:: EXERCISE MATERIAL ::
+ + +

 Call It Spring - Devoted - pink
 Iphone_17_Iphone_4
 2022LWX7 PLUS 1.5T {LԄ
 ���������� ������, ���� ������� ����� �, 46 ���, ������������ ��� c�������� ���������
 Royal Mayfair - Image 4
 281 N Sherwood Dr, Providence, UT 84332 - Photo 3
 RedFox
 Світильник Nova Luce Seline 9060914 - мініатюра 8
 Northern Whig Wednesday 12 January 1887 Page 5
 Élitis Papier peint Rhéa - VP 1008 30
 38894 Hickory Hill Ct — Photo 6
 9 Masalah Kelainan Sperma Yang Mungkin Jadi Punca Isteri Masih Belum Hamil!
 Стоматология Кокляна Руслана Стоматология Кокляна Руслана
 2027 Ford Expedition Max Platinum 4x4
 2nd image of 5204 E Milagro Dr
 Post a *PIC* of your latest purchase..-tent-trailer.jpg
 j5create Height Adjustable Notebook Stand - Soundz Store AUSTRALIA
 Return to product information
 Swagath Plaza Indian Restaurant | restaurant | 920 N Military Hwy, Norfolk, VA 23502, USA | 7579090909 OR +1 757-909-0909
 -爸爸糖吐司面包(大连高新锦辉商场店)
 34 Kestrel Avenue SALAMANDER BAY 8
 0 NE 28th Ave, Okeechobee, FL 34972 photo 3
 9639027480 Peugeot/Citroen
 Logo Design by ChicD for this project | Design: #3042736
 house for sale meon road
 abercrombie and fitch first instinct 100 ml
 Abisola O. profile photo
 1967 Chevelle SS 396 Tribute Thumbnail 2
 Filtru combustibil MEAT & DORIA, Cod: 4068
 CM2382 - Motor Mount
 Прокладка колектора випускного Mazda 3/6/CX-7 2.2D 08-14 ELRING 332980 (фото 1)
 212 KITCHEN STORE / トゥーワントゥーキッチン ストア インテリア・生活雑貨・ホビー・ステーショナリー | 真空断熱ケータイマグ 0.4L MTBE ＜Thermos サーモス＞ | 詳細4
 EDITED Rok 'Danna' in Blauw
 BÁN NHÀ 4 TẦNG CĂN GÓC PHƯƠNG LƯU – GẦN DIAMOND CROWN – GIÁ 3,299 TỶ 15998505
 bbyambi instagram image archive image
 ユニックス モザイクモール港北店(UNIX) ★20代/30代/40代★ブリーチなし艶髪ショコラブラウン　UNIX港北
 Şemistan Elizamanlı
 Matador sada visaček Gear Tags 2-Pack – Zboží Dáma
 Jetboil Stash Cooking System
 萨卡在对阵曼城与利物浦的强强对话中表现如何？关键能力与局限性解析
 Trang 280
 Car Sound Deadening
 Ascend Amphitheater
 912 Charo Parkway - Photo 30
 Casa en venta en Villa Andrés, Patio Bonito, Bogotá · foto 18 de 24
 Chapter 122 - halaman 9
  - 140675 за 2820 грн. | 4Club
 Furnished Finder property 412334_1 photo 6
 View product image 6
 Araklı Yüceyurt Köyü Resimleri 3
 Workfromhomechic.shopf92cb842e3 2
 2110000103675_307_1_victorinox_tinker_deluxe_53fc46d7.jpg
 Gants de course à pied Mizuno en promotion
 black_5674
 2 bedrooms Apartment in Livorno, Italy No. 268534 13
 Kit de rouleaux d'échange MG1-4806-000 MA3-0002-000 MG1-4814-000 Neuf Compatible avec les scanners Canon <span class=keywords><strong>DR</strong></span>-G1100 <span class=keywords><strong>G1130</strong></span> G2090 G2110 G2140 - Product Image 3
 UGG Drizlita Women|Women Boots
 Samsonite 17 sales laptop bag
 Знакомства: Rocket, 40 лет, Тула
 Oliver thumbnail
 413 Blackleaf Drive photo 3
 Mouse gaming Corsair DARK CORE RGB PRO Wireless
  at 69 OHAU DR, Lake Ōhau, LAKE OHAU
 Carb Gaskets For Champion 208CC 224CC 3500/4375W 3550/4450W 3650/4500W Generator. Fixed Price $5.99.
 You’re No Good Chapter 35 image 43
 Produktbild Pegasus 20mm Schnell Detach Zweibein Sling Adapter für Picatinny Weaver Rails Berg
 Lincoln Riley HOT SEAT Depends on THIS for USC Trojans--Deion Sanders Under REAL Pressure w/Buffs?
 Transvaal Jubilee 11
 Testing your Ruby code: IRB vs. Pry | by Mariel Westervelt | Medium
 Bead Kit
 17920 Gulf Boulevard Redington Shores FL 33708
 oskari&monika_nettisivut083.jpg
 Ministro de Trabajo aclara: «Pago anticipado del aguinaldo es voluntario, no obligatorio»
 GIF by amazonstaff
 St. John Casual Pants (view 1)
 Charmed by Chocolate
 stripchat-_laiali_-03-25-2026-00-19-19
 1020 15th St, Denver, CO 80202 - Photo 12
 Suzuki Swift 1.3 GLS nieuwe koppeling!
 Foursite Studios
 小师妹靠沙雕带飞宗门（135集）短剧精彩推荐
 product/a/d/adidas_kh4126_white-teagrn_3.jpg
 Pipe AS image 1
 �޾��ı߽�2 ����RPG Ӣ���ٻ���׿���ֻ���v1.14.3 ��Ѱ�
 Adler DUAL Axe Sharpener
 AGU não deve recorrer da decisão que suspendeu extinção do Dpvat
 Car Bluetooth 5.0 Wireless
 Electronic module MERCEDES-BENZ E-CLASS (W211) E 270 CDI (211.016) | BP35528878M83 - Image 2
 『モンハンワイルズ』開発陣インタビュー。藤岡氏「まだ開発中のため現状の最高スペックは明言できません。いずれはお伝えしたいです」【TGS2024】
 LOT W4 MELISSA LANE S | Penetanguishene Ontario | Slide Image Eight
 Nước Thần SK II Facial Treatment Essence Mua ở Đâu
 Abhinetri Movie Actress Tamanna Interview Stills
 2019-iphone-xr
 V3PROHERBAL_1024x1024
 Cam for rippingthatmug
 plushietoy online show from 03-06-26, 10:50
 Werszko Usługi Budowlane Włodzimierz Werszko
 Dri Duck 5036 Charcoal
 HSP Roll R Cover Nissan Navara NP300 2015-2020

+ + +

:: YOUR INSTRUCTIONS ::
Set down, exactly as they stand above, the lines starting with the line with "Gants de course à pied Mizuno en promotion" and going on through the line with "UGG Drizlita Women|Women Boots", and no others.

:: EXPECTED ANSWER ::
 Gants de course à pied Mizuno en promotion
 black_5674
 2 bedrooms Apartment in Livorno, Italy No. 268534 13
 Kit de rouleaux d'échange MG1-4806-000 MA3-0002-000 MG1-4814-000 Neuf Compatible avec les scanners Canon <span class=keywords><strong>DR</strong></span>-G1100 <span class=keywords><strong>G1130</strong></span> G2090 G2110 G2140 - Product Image 3
 UGG Drizlita Women|Women Boots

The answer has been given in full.